The following is a set of instructions to build and format a comprehensive MLB Statcast database including play-by-play data and statistics such as pitch tracking, exit velocity, and launch angle. Bill Petti’s scraping functions from the baseballr
R package are used to source data from Baseball Savant. Full R code is located on GitHub.
The documentation can be found at the end of the post.
Download Statcast Data
Scrape the online Baseball Savant play-by-play data for the specified season.
library(baseballr)
library(tidyverse)
scrape_statcast <- function(season) {
# create weeks of dates for season from mar - nov
# includes spring training + postseason
dates <- seq.Date(as.Date(paste0(season, '-03-01')),
as.Date(paste0(season, '-12-01')), by = 'week')
date_grid <- tibble(start_date = dates,
end_date = dates + 6)
# create 'safe' version of scrape_statcast_savant in case week doesn't process
safe_savant <- safely(scrape_statcast_savant)
# loop over each row of date_grid, and collect each week in a df
payload <- map(.x = seq_along(date_grid$start_date),
~{message(paste0('\nScraping week of ', date_grid$start_date[.x], '...\n'))
payload <- safe_savant(start_date = date_grid$start_date[.x],
end_date = date_grid$end_date[.x], type = 'pitcher')
return(payload)
})
payload_df <- map(payload, 'result')
# eliminate results with an empty dataframe
number_rows <- map_df(.x = seq_along(payload_df),
~{number_rows <- tibble(week = .x,
number_rows = length(payload_df[[.x]]$game_date))}) %>%
filter(number_rows > 0) %>%
pull(week)
payload_df_reduced <- payload_df[number_rows]
combined <- payload_df_reduced %>%
bind_rows()
return(combined)
}
This should take ~10 minutes per call.
Format Statcast Data
The following can be condensed into a single formatting function called format_statcast()
, but will be broken up here to explain more thoroughly.

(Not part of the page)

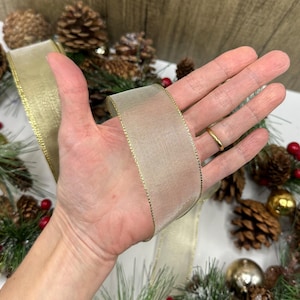 Puede incluir: Una cinta dorada con textura de malla y ribete dorado se sostiene en una mano. La cinta forma parte de una decoraci&oacute;n navide&ntilde;a, con pi&ntilde;as, bayas y adornos en el fondo. La cinta mide aproximadamente 5 cm de ancho.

Refer to the full GitHub code if clarity is needed, or if you’d like to download the code in it’s entirety. Let “df” denote the input season-worth of data when the function is called.

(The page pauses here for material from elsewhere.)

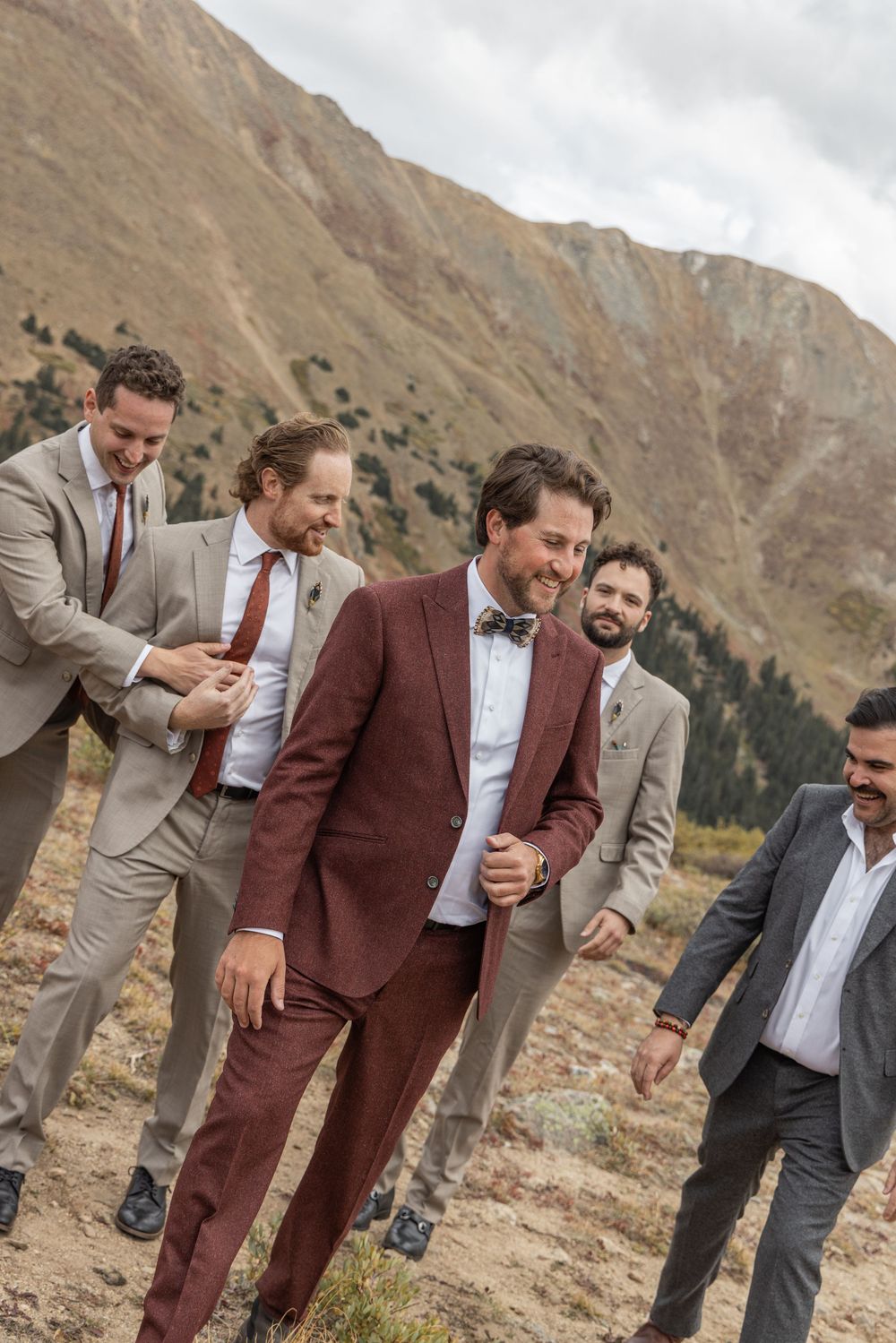 A group of groomsmen in suits playfully pose together against a mountainous backdrop in the wilderness.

First, we need to modify and standardize some of the pre-existing data.
df <- df %>%
mutate(pitch_type = ifelse(pitch_type == "", "UN", pitch_type),
# expand game_type codes for clarity
game_type = case_when(
game_type == "E" ~ "Exhibition",
game_type == "S" ~ "Spring Training",
game_type == "R" ~ "Regular Season",
game_type == "F" ~ "Wild Card",
game_type == "D" ~ "Divisional Series",
game_type == "L" ~ "League Championship Series",
game_type == "W" ~ "World Series"),
# create binary handedness indicators
is_lhb = ifelse(stand == "L", "1", "0"),
is_lhp = ifelse(p_throws == "L", "1", "0"),
# create fielderid to accompany hit_location, giving the
fielderid = case_when(
hit_location == "1" ~ as.character(pitcher),
hit_location == "2" ~ as.character(fielder_2),
hit_location == "3" ~ as.character(fielder_3),
hit_location == "4" ~ as.character(fielder_4),
hit_location == "5" ~ as.character(fielder_5),
hit_location == "6" ~ as.character(fielder_6),
hit_location == "7" ~ as.character(fielder_7),
hit_location == "8" ~ as.character(fielder_8),
hit_location == "9" ~ as.character(fielder_9)),
fielderid = as.numeric(fielderid),
# binary inning half indicator
is_bottom = ifelse(inning_topbot == "Bot", "1", "0"),
# add spray angle
spray_angle = round(atan((hc_x-125.42)/(198.27-hc_y))*180/pi*.75, 1),
# standardize team abbreviations (some deprecated)
home_team = case_when(
home_team == "FLA" ~ "MIA",
home_team == "KC" ~ "KCR",
home_team == "SD" ~ "SDP",
home_team == "SF" ~ "SFG",
home_team == "TB" ~ "TBR",
TRUE ~ home_team),
away_team = case_when(
away_team == "FLA" ~ "MIA",
away_team == "KC" ~ "KCR",
away_team == "SD" ~ "SDP",
away_team == "SF" ~ "SFG",
away_team == "TB" ~ "TBR",
TRUE ~ away_team),
# runner status
run_on_1b = ifelse(on_1b == "0", NA, on_1b),
run_on_2b = ifelse(on_2b == "0", NA, on_2b),
run_on_3b = ifelse(on_3b == "0", NA, on_3b),
# pitch information
is_bip = ifelse(type == "X", 1, 0),
is_stk = ifelse(type == "S", 1, 0),
# baseout state before PA event
basecode_before = case_when(
is.na(run_on_1b) & is.na(run_on_2b) & is.na(run_on_3b) ~ "000",
is.na(run_on_1b) & is.na(run_on_2b) ~ "001",
is.na(run_on_1b) & is.na(run_on_3b) ~ "010",
is.na(run_on_2b) & is.na(run_on_3b) ~ "100",
is.na(run_on_3b) ~ "110",
is.na(run_on_2b) ~ "101",
is.na(run_on_1b) ~ "011",
TRUE ~ "111")) %>%
rename(vis_team = away_team,
batterid = batter,
pitcherid = pitcher,
event_type = events,
event_description = des,
pitch_description = description,
outs_before = outs_when_up,
hit_distance = hit_distance_sc,
pa_number = at_bat_number,
bat_score_before = bat_score,
gameid = game_pk,
field_score = fld_score,
release_spin = release_spin_rate) %>%
arrange(game_date, gameid, pa_number, pitch_number)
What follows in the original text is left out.